» Problem requirements:
In the records that follow, find the line containing "מארז 2 זוגות" and the line containing "Lusnyt Cat Merry", then transcribe both and every line between them exactly, omitting pictures.

» Provided records:
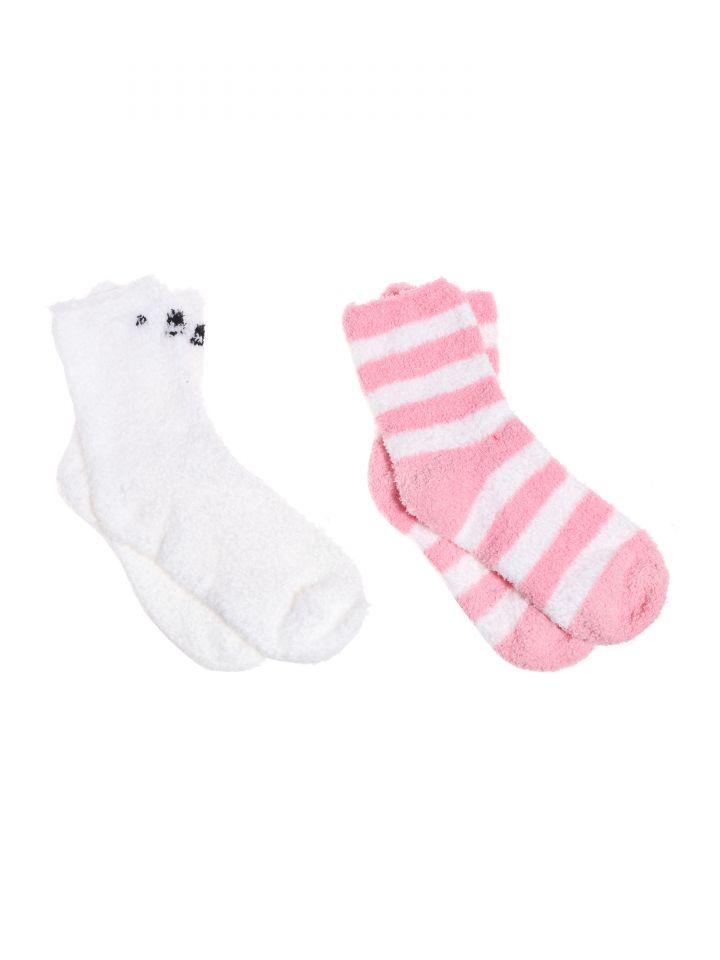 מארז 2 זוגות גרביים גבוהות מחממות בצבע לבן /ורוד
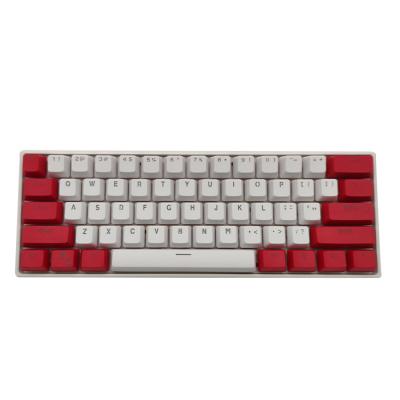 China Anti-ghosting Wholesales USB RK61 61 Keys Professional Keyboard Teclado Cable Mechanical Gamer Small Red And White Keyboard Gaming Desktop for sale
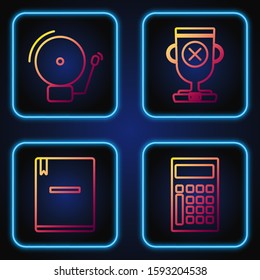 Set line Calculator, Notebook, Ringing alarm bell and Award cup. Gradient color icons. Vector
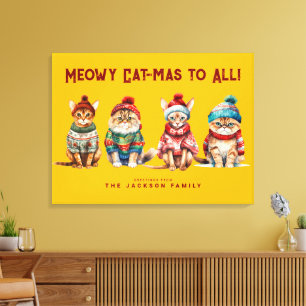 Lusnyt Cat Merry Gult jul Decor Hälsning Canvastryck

...

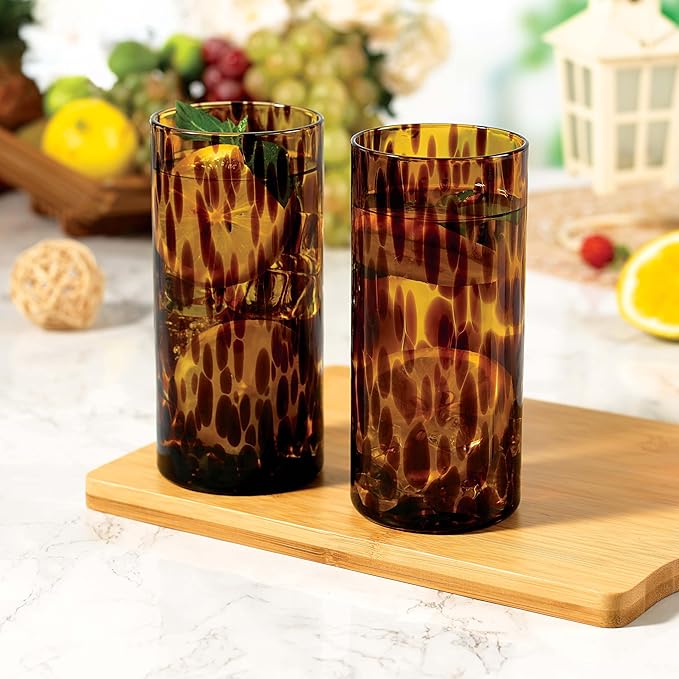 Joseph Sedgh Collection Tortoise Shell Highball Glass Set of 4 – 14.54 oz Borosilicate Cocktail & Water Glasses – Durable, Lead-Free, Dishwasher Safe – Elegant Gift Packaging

» Solution below:
 מארז 2 זוגות גרביים גבוהות מחממות בצבע לבן /ורוד
 China Anti-ghosting Wholesales USB RK61 61 Keys Professional Keyboard Teclado Cable Mechanical Gamer Small Red And White Keyboard Gaming Desktop for sale
 Set line Calculator, Notebook, Ringing alarm bell and Award cup. Gradient color icons. Vector
 Lusnyt Cat Merry Gult jul Decor Hälsning Canvastryck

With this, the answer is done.